Esa es la perversidad y la cobardía del terrorismo de Estado, una organización hecha para matar, oculta en la burocracia militar, cuya “chapa” o escondite es la palabra “órdenes” para no recibir sanción y se imponga al final esa brutal idea que las responsabilidades de los criminales son inalcanzables, que no hay posibilidad humana de poder establecerlas.

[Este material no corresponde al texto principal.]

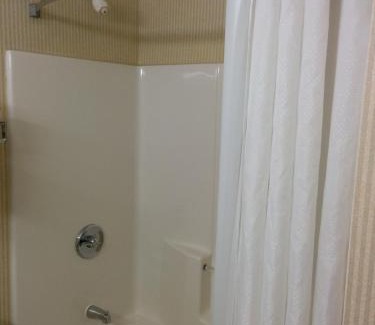 Mount Saint Joseph Hotel | Country Inn & Suites by Radisson, Cincinnati Airport, KY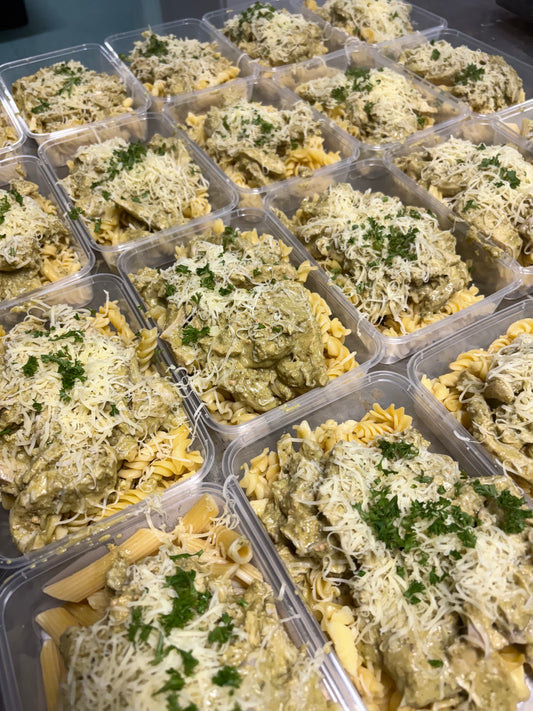 XL Basil Pesto Chicken Pasta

Ante ello, la comunidad democrática en Chile, de izquierda, centroizquierda y centro en su diversidad y pluralismo, ha luchado por la verdad y la justicia.

Sin embargo, la derecha es el cómplice que guarda silencio, incluso al inicio de la dictadura instigó y justificó el régimen y la ejecución de crueles tormentos y crímenes deleznables. Durante la mayor sevicia de los sádicos represores del régimen mantuvieron su apoyo a Pinochet. Hoy la derecha continúa con una omisión inexcusable.

A ello se suma la insensata adoración hacia Pinochet de fanáticos de derecha, incluidos parlamentarios que pretenden blanquear la inequívoca responsabilidad del ex dictador en los crímenes cometidos por el terrorismo de Estado que su régimen instaló en el país.

De no existir centenares de fallos a firme en los Tribunales, esos grupos extremistas aún dirían que se trata de una oscura campaña del “comunismo internacional” contra Chile.

La saña del terrorismo de Estado, encubrirse en órdenes y ocultar quién las dio, permiten mostrarse al criminal como víctima de una actitud vengativa, y no como lo que es, un individuo que la Justicia castiga por su participación directa en crímenes de lesa humanidad. Hay que decirlo con claridad el terrorismo de Estado, como acción criminal sistemática orquestada desde el Estado, no tiene excusa alguna.

El tratado de Roma sobre el Derecho Internacional Humanitario admite beneficios carcelarios, desde el reconocimiento de los hechos, el arrepentimiento y la colaboración eficaz. La excusa que fueron órdenes impersonales, desconocidas y anónimas impide su aplicación humanitaria.

Esta herida en el alma de Chile demanda del Estado democrático perseverar en su afán de verdad y justicia, y a la derecha que hoy gobierna, le exige abandonar la impunidad y reconocer la responsabilidad histórica que le cabe en esta tragedia del país y mientras ello no ocurra, la herida seguirá abierta.